**Your assignment:** The entries are to be given back verbatim; no picture is to be copied.

-- Raw data follows --

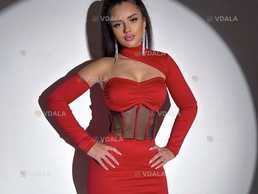 Червона сукня з корсетом та прозорими вставками - VDALA.PRO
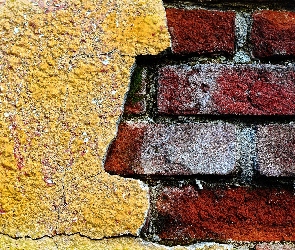 Cegły, Tynk, Mur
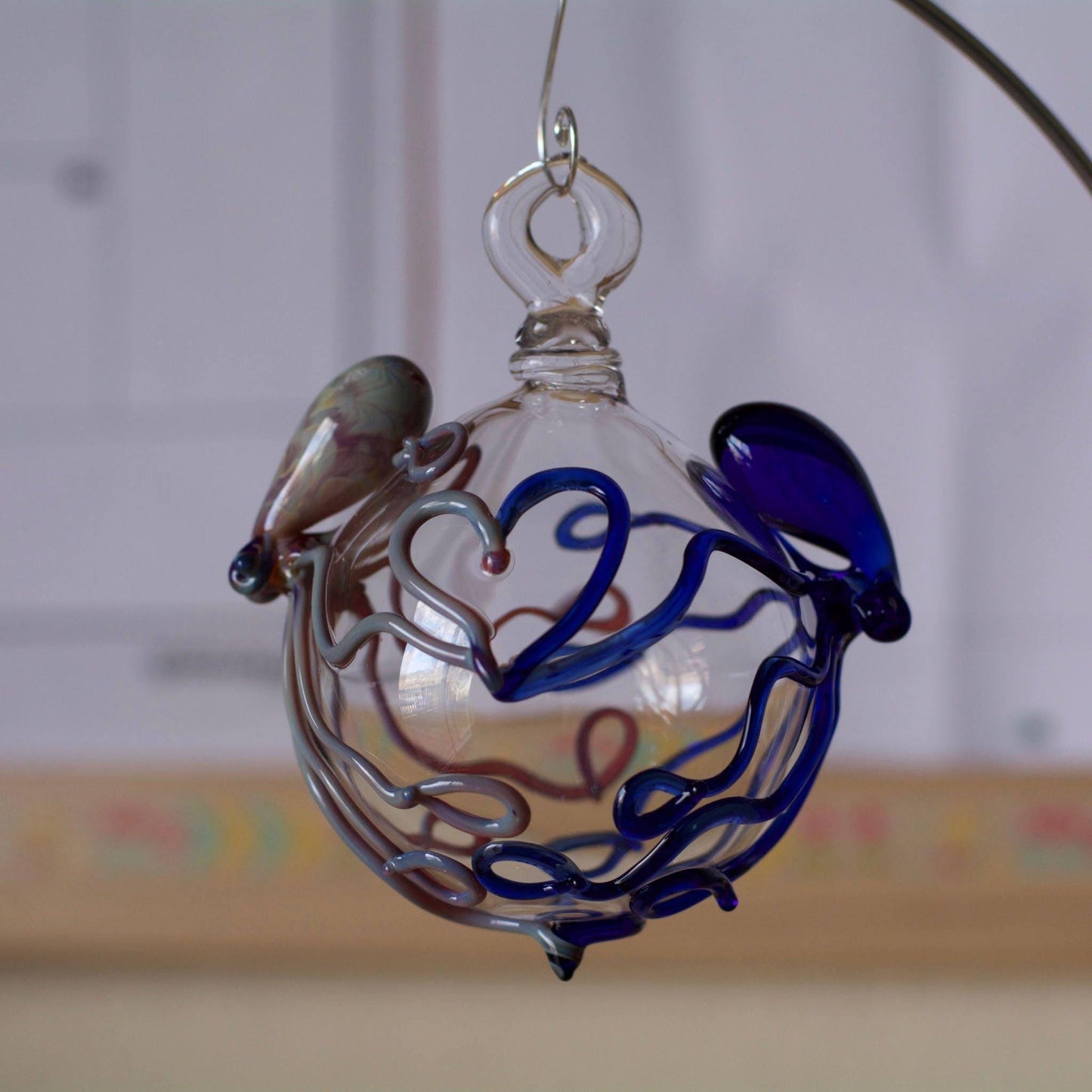 Octopi My Heart Glass Ornament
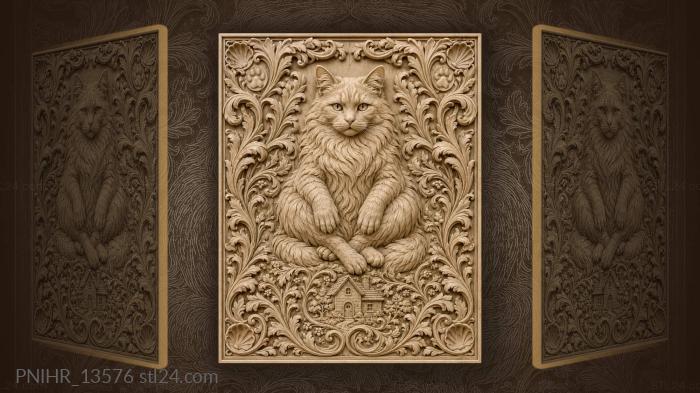 Cozy cat and little home 3d STL model
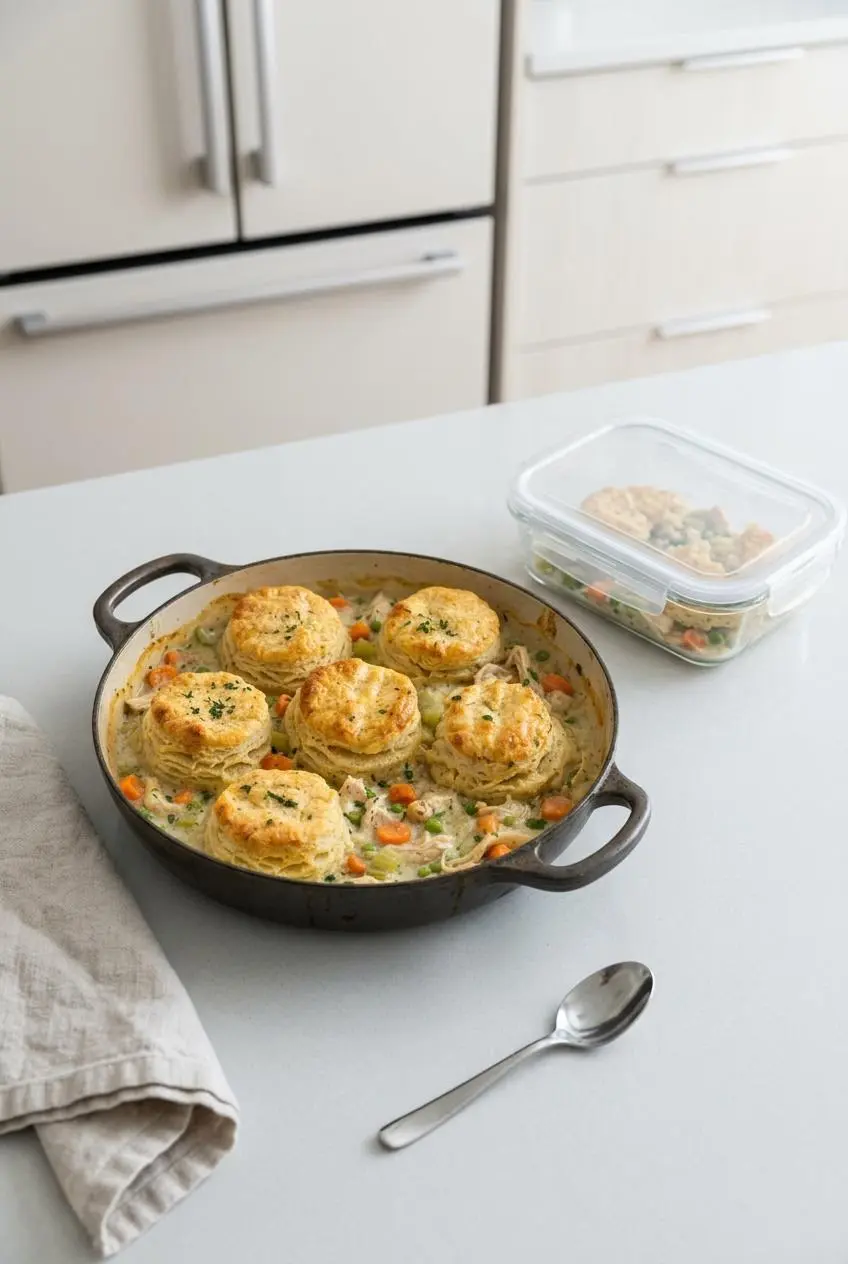 Overhead view of leftover chicken pot pie in its baking dish next to a portion stored in an airtight container for later.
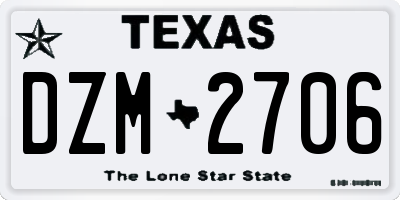 TX license plate DZM2706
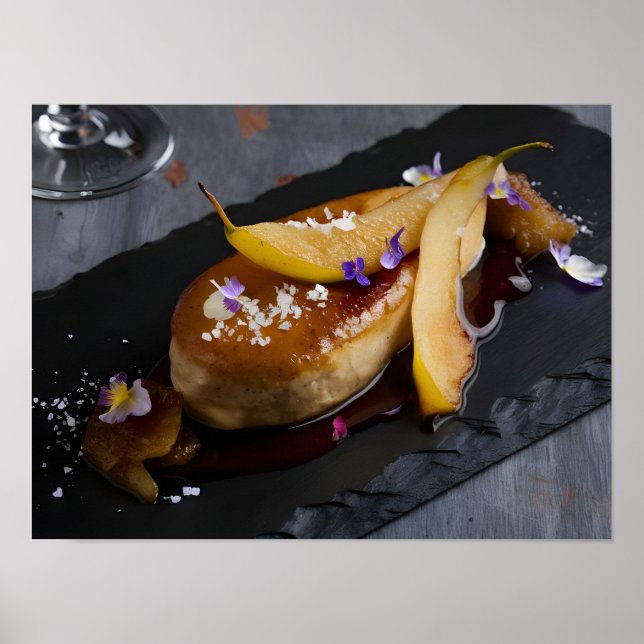 Gourmet Foie Gras with Red Vin Reduction Poster (Framsidan)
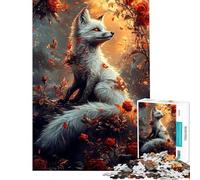 Puzzle da 1000 pezzi per ragazzi volpe bianca in un roseto puzzle per adulti gioco rompicapo regalo di compleanno regalo antistress (dimensioni 38x52cm)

-- Raw data concluded --

**Answer to the problem:**
 Червона сукня з корсетом та прозорими вставками - VDALA.PRO
 Cegły, Tynk, Mur
 Octopi My Heart Glass Ornament
 Cozy cat and little home 3d STL model
 Overhead view of leftover chicken pot pie in its baking dish next to a portion stored in an airtight container for later.
 TX license plate DZM2706
 Gourmet Foie Gras with Red Vin Reduction Poster (Framsidan)
 Puzzle da 1000 pezzi per ragazzi volpe bianca in un roseto puzzle per adulti gioco rompicapo regalo di compleanno regalo antistress (dimensioni 38x52cm)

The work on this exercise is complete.